Tapi, apa sih yang mereka lihat dari Jinan?

Ia telah banyak melihat Jinan selama dua tahun ini, tapi kali ini ia akan berusaha melihat dari kacamata seorang yang asing, seseorang yang belum pernah melihat dan mengenal Jinan secara personal.

Jena menyingkirkan semua kebenciannya pada Jinan dan mencoba menempatkan penilaiannya secara objektif.
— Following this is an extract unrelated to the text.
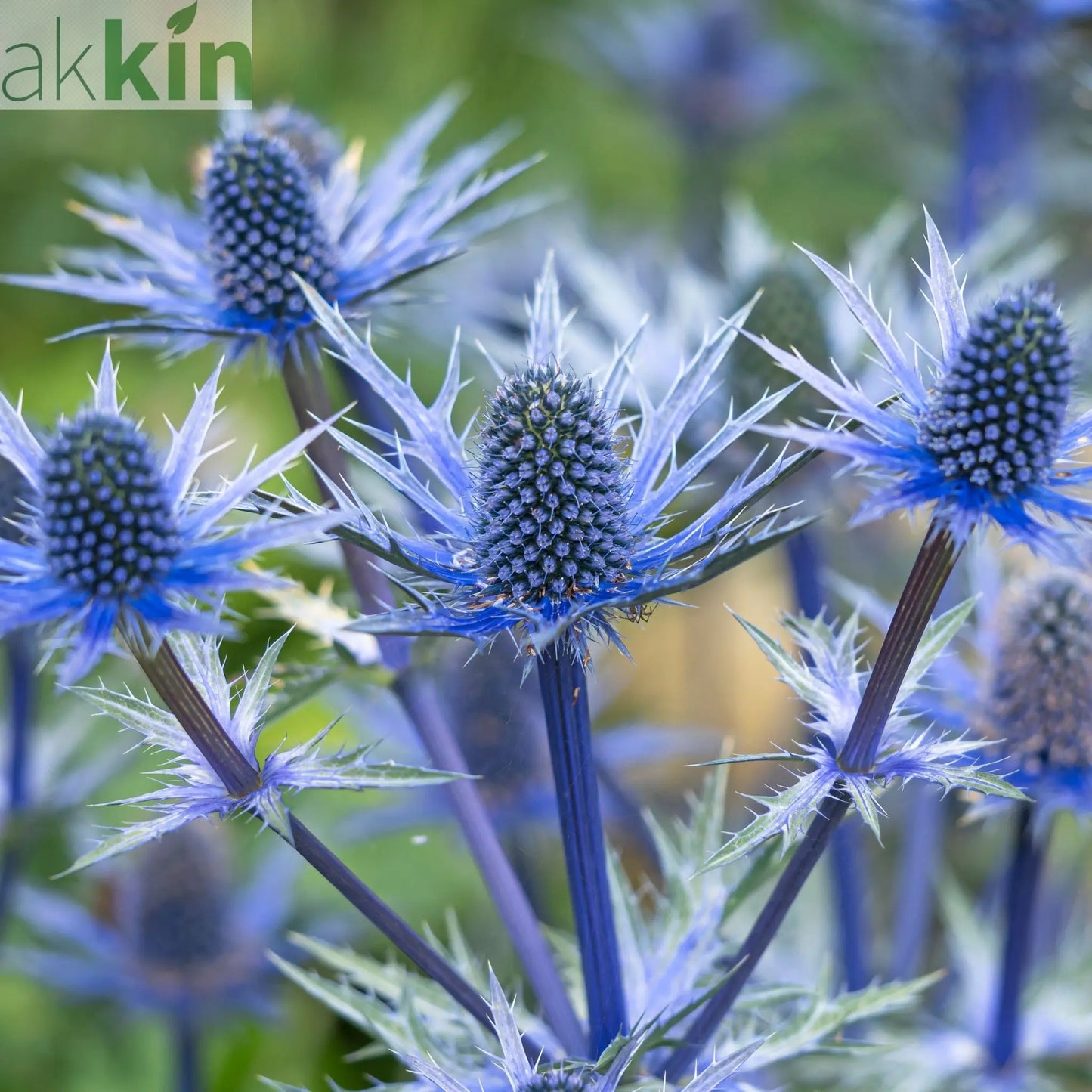 Eryngium x zabelii Jos Eijking (9cm Pot) One Click Plants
Mulai dari wajah. Tidak seperti kebanyakan pria yang berwajah lebar, wajah Jinan justru termasuk kecil. Bentuknya panjang dengan dagu yang meruncing dan janggut yang dicukur bersih. Itulah yang membuat Jinan mempunyai kesan sebagai orang yang halus pribadinya. Huh. Wajah memang bisa menipu.

Kemudian tubuh. Perawakan Jinan tinggi kurus dan mempunyai kaki yang panjang. Tetapi tubuh kurus Jinan bukanlah kurus seperti orang yang lemah. Justru sebaliknya. Jena cukup bisa menduga, ada otot-otot yang terbentuk di situ meski tak sebesar milik binaragawan.

Jinan selalu berpakaian rapi layaknya karyawan teladan. Sepanjang Jena mengenal Jinan, belum pernah ia melihat pria itu memakai baju selain kemeja. Hari ini saja, Jinan memakai kemeja bergaris biru muda yang kalem. Warna pucat itu makin menonjolkan kulitnya yang terang dan rambutnya yang legam.

Well, Jinan memang tak bisa dikategorikan sebagai pria yang tampan dalam sekali pandang. Namun ia juga tak buruk. Sama sekali tidak buruk, malah.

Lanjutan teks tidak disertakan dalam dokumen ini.